Third stop! Berlin, Germany. I was pretty excited about visiting this country – I’ve always loved learning about anything World War II & Holocaust related so I figured there would be loads of history to learn on the walking tour (which I would need to prepare for because my ankles were sausages due to the amount of walking I had done in just a week).

And while there was, I was also surprised by how new the city was. It felt more like Chicago then the cute old cities I pictured to be spread across Europe. Our tour guide addressed this by saying nearly 90% of the city had been ruined by the war so the Berlin that we were seeing, was nearly brand new and completely rebuilt in the past 30 years. This completely blew my mind however, also didn’t surprise me.
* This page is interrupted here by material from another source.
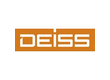 Logo DEISS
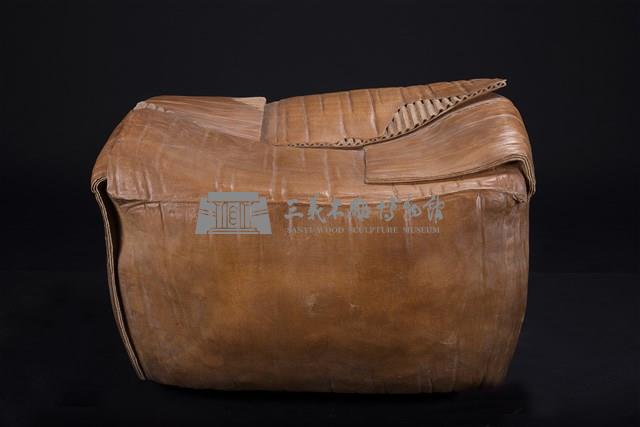 憩藏品圖，第1張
Even though the majority of the city had a modern feel, there were still some pockets of old, such as the Bradenburg Gate and infamous Berlin Wall. I also appreciated that the city was dotted with memorials, my personal favorite was the Memorial to the Murdered Jews of Europe. Sounds grave, which it is, but it was also very powerful. Designed by Peter Eisenman, there is no formal description of why it is what it is. There have been several interpretations but the one that stuck with me the hardest was the design of the slabs force you to walk in a straight line. You are not able to talk to anyone, making you feel as though you are alone. As you get deeper into the memorial, the slabs get taller, making you feel further from the life you once knew and draining hope that you will make it back, much like what the concentration camps did for those millions of people. The location of the memorial is prime, sitting were the Berlin Wall once crossed and nearly over Hitler’s underground bunker.
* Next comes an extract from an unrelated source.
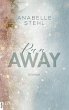 Runaway / Away Bd.3 (eBook, ePUB) - Bild 1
Underneath the memorial is the museum – it’s free and a definite must. But leave a couple of hours to go through it – there’s a lot of reading and it is very heavy. Overall, I think you can get through the majority of the city in 2 days but if you are there for an extended period of time, have a picnic in Lustgarten outside of the Berlin Cathedral and spend half of a day at Prater Beer Garden.

Then when you’re ready to leave, turn right out of the main entrance and walk yourself back to the city center. There are a ton of cute boutique shops (I did a bit of unexpected shopping here) and cafes that you will pass along the way!

Food & Drinks

Sights To See

Shoot! I almost forgot my tiny train story! Leaving Amsterdam, my train got cancelled for only God knows why. So I had to sit around the train station waiting for two hours until the next one arrived. Apparently this happens pretty frequently no matter where you are traveling to or from so even though it sucks to get up early, I suggest taking one of the first trains out of the city. This way if something happens like it gets cancelled or delayed, you aren’t arriving in that strange new city late at night because that can be pretty scary (I’m having terrible flashbacks from Marseilles right now).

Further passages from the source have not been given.